In general, back off on the tempo volume – run a total of about 1000 meters per session. Recovery should still be short (< a minute), keep weight sessions short, cut back on reps and sets but then eliminate lower lifts when you’re about 5 days out from a major meet. You could do bench about three days prior. As with other work, keep the speed work sessions short and recovery between reps long. Emphasize short, fast stuff. You want them fresh and rested for major competition. There’s not much at that point that can help them improve conditioning or anything else – just sharpen, rest and get focused.

I think there’s a lot of room for variation in tempo work as long as the intensity and total volume is appropriate.

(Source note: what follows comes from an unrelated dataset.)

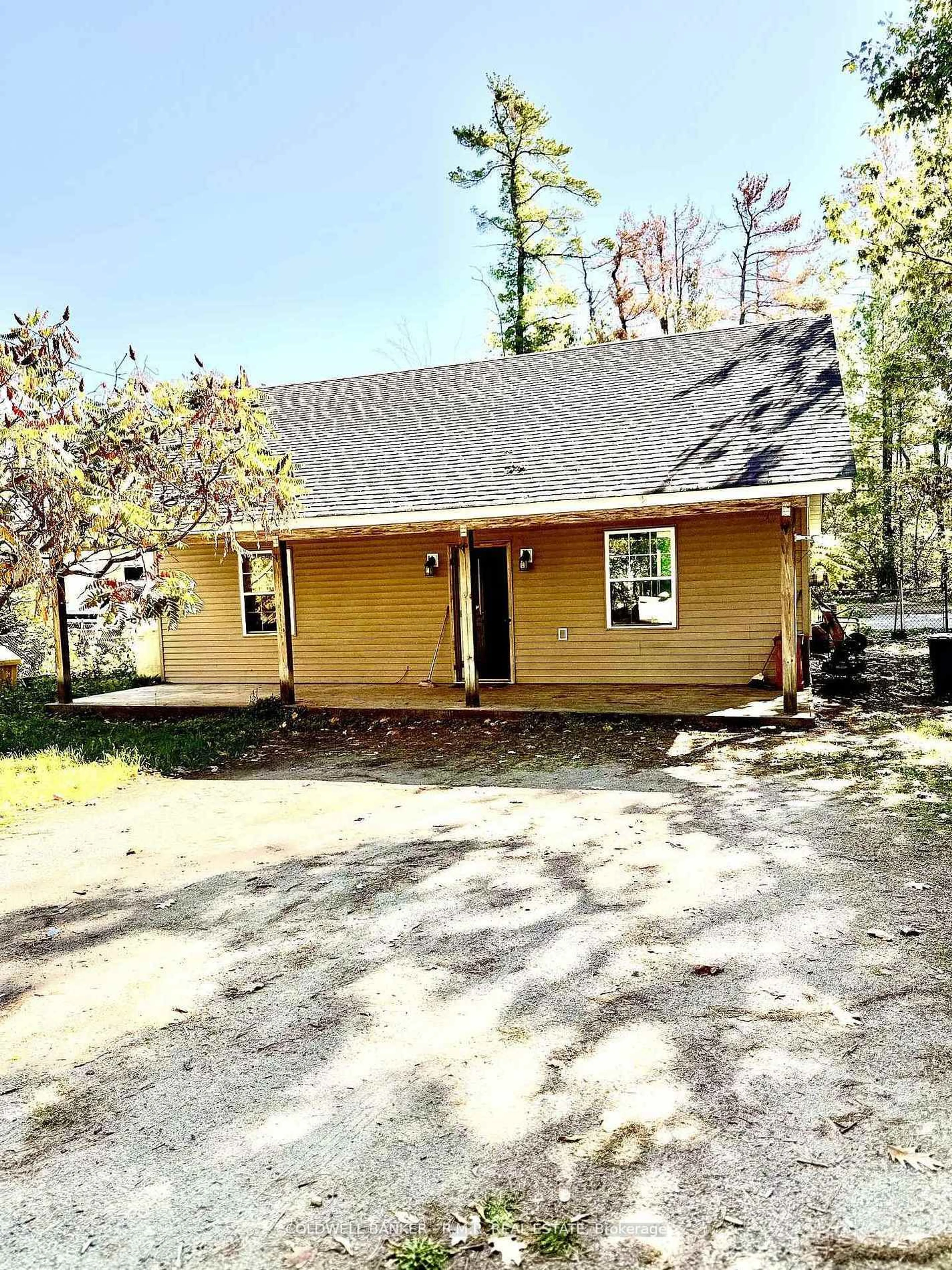 Home with vinyl exterior material, street for 2 Oakwood Dr, Kawartha Lakes Ontario K0M 1N0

During the competive season, I keep tempo to a 1500 volume, decreasing to 1000 when peaking. When I refer to tempo, I’m talking about recovery runs of no more than 75% maximum effort.

It seems like you’re describing split runs, which are special endurance. I think your volume for those is right, but that should be a speed day – not a recovery day.

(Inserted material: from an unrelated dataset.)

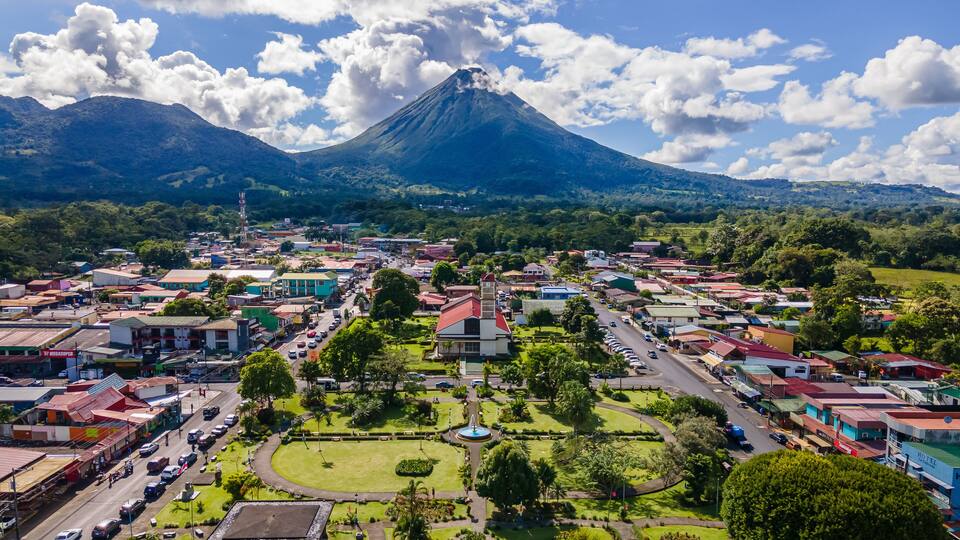 A town with a prominent volcano in the background, surrounded by lush greenery and colorful buildings.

Those are just sophisticated terms for the various training cycles. I don’t use those terms much. I prefer to talk about general preparation, special preparation, competitive season and peaking. I guess those might be mesocycles. Macros might be what you do week to week within a given cycle and then micro is what a daily looks like.

Hey, even though much of this is similar to what I do already, it is just helpful to hear it from someone with probably more exp. Thanks

Do you guys have any HS athletes who run anything from 100 to 800? If so, how do you train them? We have several as we have a small school and will change events according to what we have the best chance to compete in when it comes time for the end of the year.
I am thinking about working the tempo volume up to 3000 per session, then backing off two weeks before the district meet.
A week might look like
M - accel or max speed work
T - Tempo
W - Speed endurance or special endurance
Th - Tempo
F - accel / max speed
S - off or tempo or long run - on own = might not happen
S - off

I would keep the acceleration and max velocity work the same and make adjustments in speed endurance (higher volume) and special endurance (longer reps). You might have the 800 runners do some sessions with your distance runners, especially when they’re doing pace work or other interval training.